BEIJING (Reuters) - The use of torture in the restless Chinese region of Tibet is widespread and routine and officials regularly ignore legal safeguards supposed to be in place to prevent it, a new report said on Wednesday.
Even when detainees are released, they may die of their injuries, be scarred for life mentally or physically and not be able to afford medical treatment or be denied it completely, the Free Tibet group said.
“Despite claims by the Chinese government that there are ‘extremely few cases of torture’, the evidence tells a different story,” Free Tibet director Stephanie Brigden said. “There is no doubt that the Chinese government is permitting the use of torture as a weapon to suppress the Tibetan people.”
China’s Foreign Ministry did not immediately respond to a request for comment and calls to the spokesman’s office of the Chinese-run Tibetan government in Lhasa went unanswered.
Chinese troops marched into Tibet in 1950 and the region’s spiritual leader the Dalai Lama fled into exile in 1959 after a failed uprising against Beijing’s rule.
Mountainous and remote Tibet was rocked by anti-Chinese protests earlier this year, which China blamed on the Dalai Lama, whom it brands a separatist. He has repeatedly denied the claims.

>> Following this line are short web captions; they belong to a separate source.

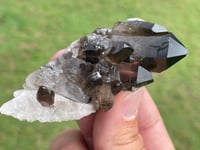 Image 9 of Smoky Quartz Points #1383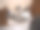 猫妈妈和她的孩子们图片下载
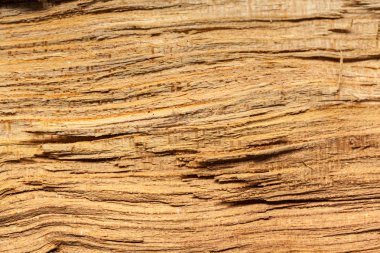 Kahverengi ahşap arka planını yakın çekim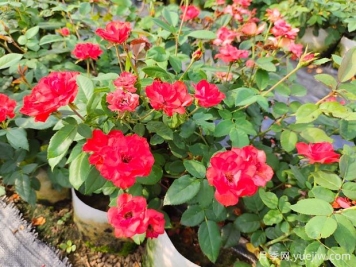 月季花换盆后要浇水吗？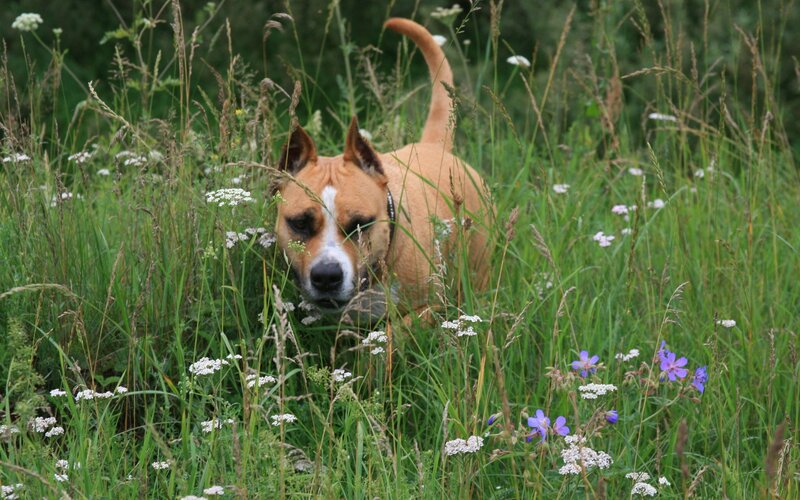 Brown Dog in Grass — Green, Calm, Summer, Photograph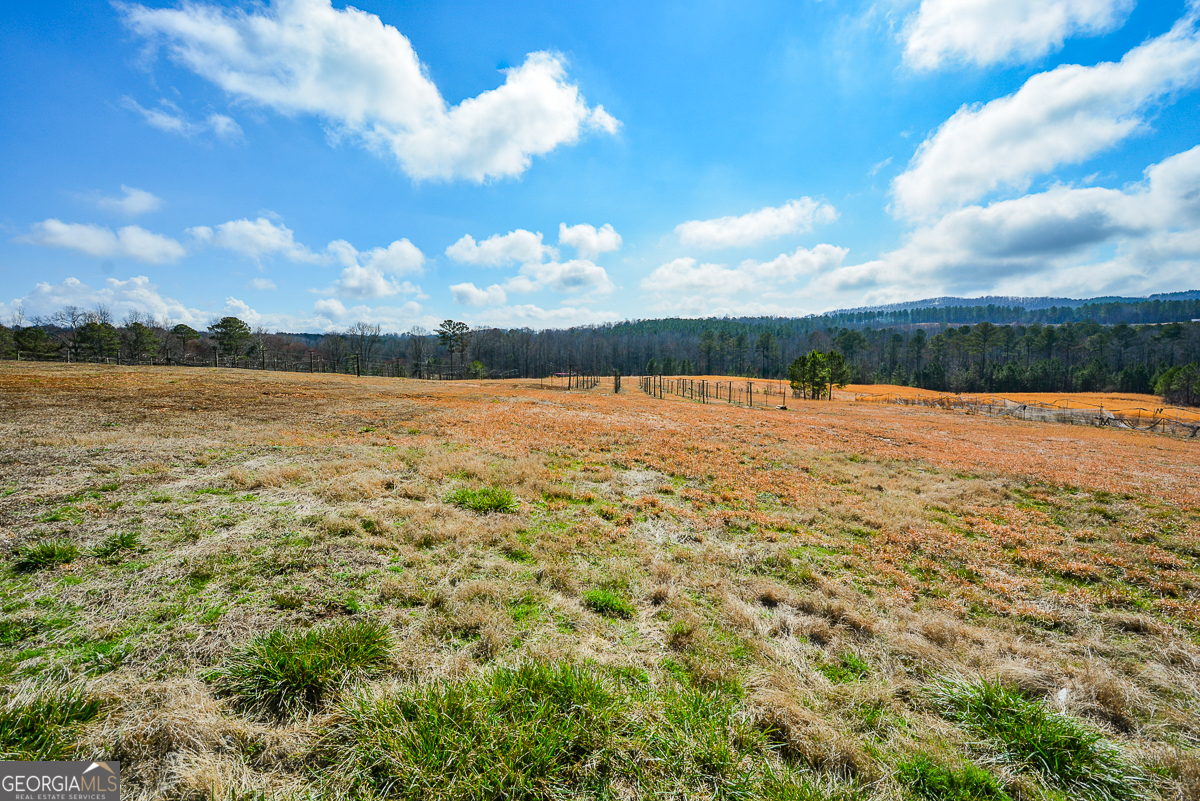 119 Inland 4 Acres Drive Property Photo 4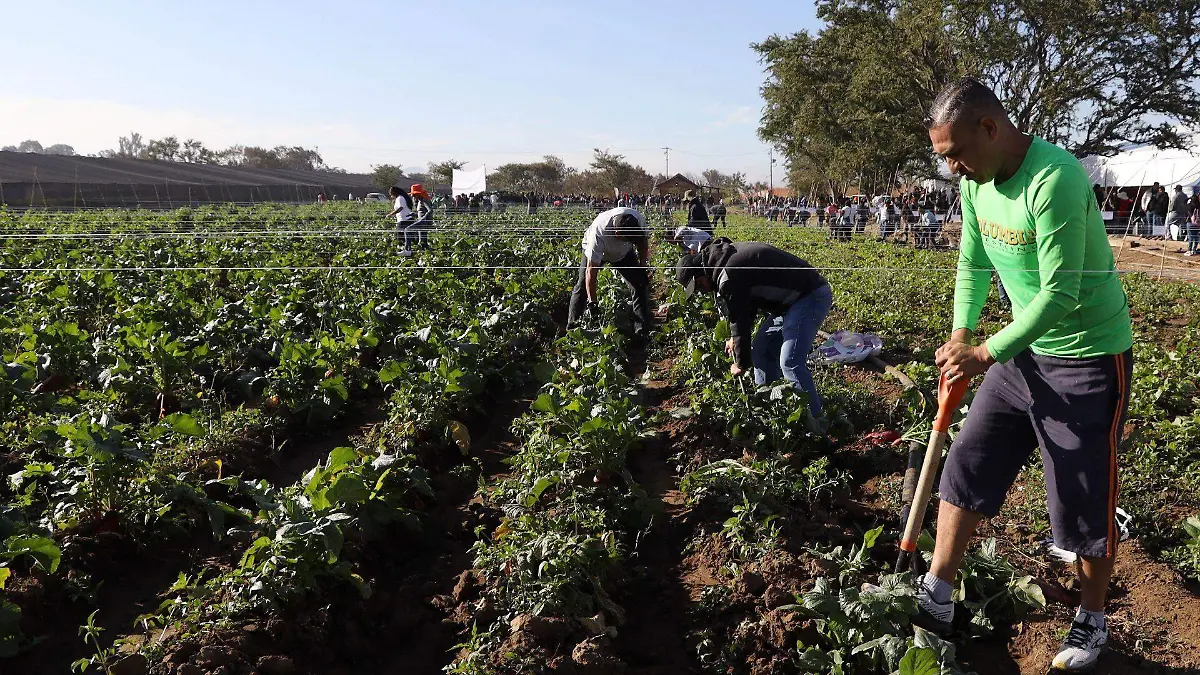 1011325_Oaxaca Cosecha de Rábanos_web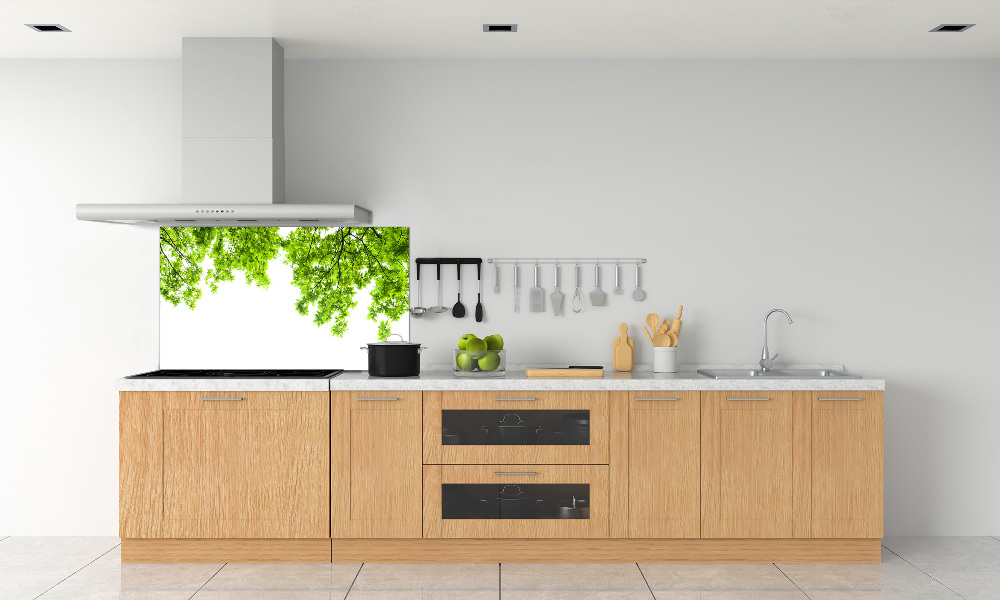 Cooker splashback Oak leaves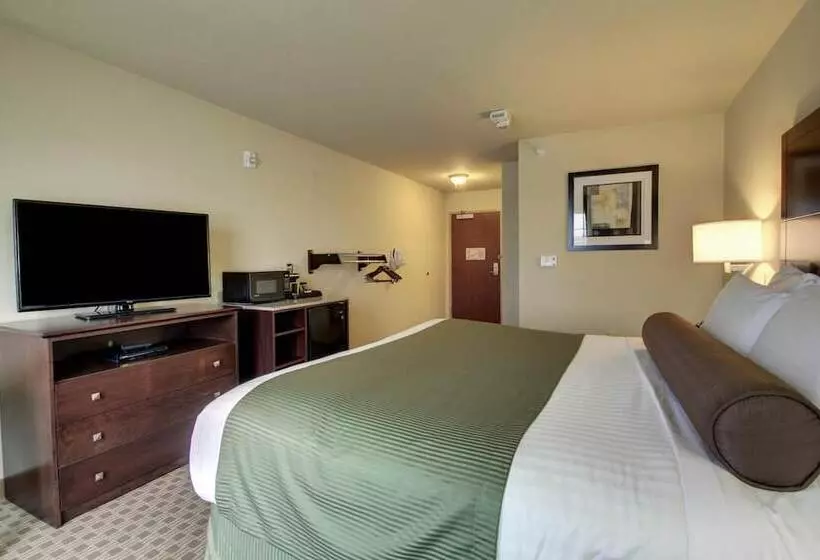 Cobblestone Hotel & Suites   Waynesboro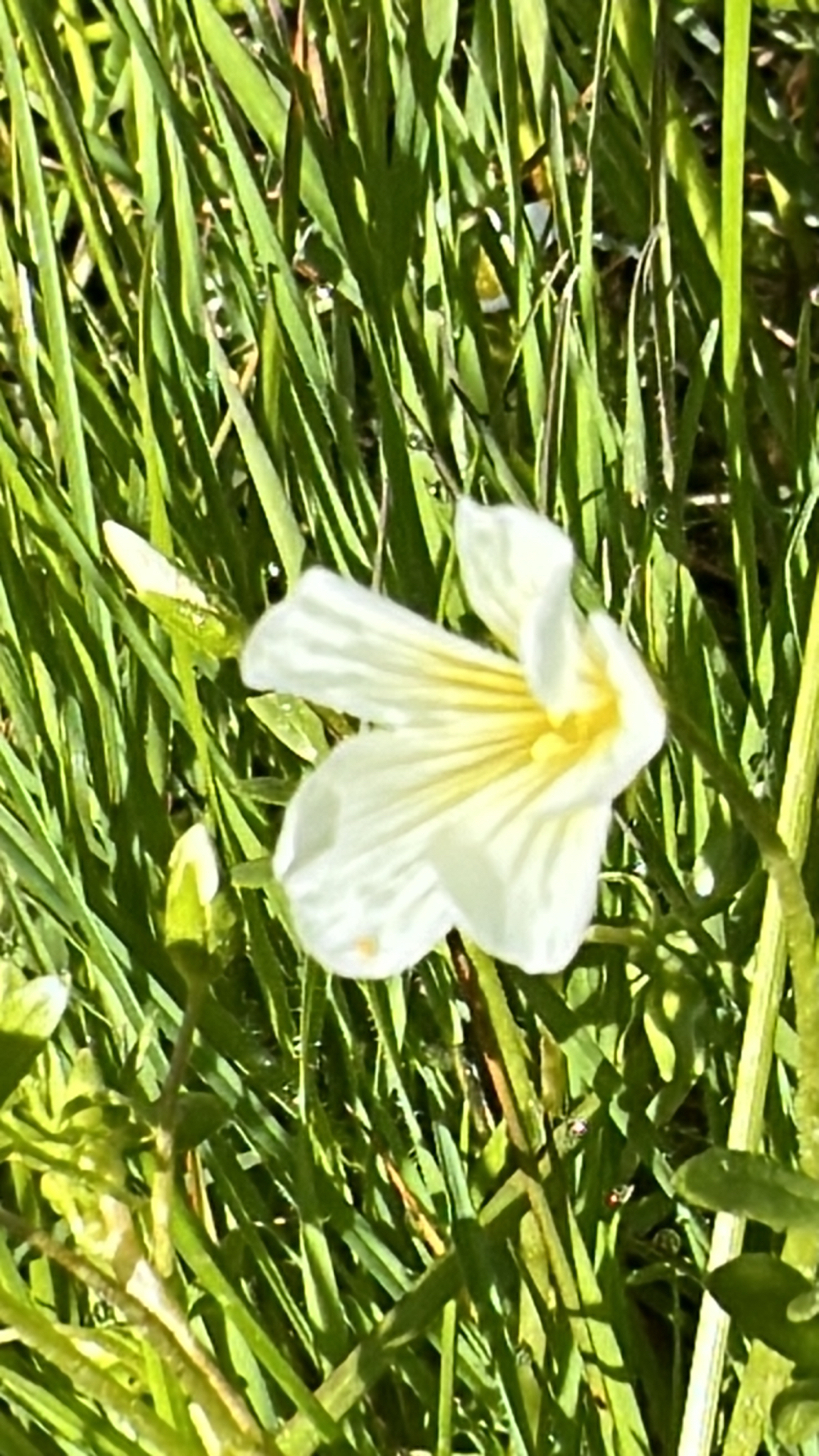 Imagem de Meadowfoam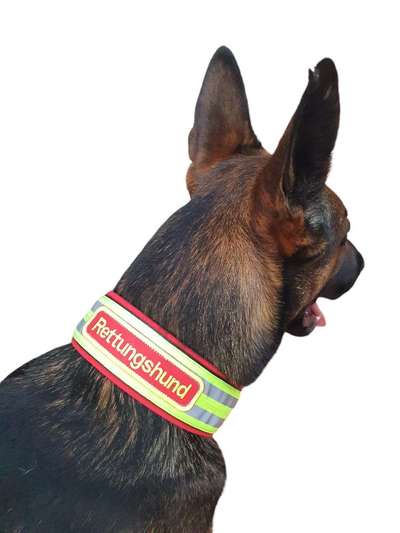 Beleuchtung am Hund-Beitrag-Bild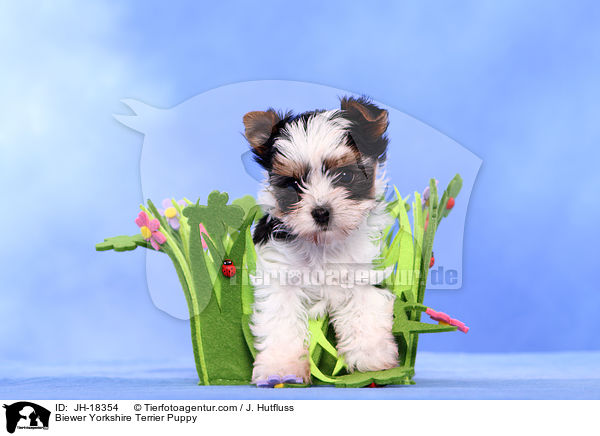 Biewer Yorkshire Terrier Welpe / Biewer Yorkshire Terrier Puppy / JH-18354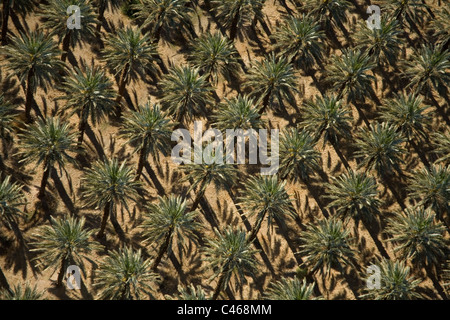 Fotografia aerea di un plam tree plantation in Arava Foto Stock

Free Tibet said it had profiled numerous cases of torture carried out against people detained following the demonstrations, which spilled over into other ethnically Tibetan parts of China such as Gansu, Qinghai and Sichuan provinces.
It said that one monk at the Labrang monastery in Gansu, Jigme Gyatso, had to be hospitalised for almost a month after his injuries received in detention.
“They would hang me up for several hours with my hands tied to a rope ... hanging from the ceiling and my feet above the ground. Then they would beat me on my face, chest, and back, with the full force of their fists,” he said in the report.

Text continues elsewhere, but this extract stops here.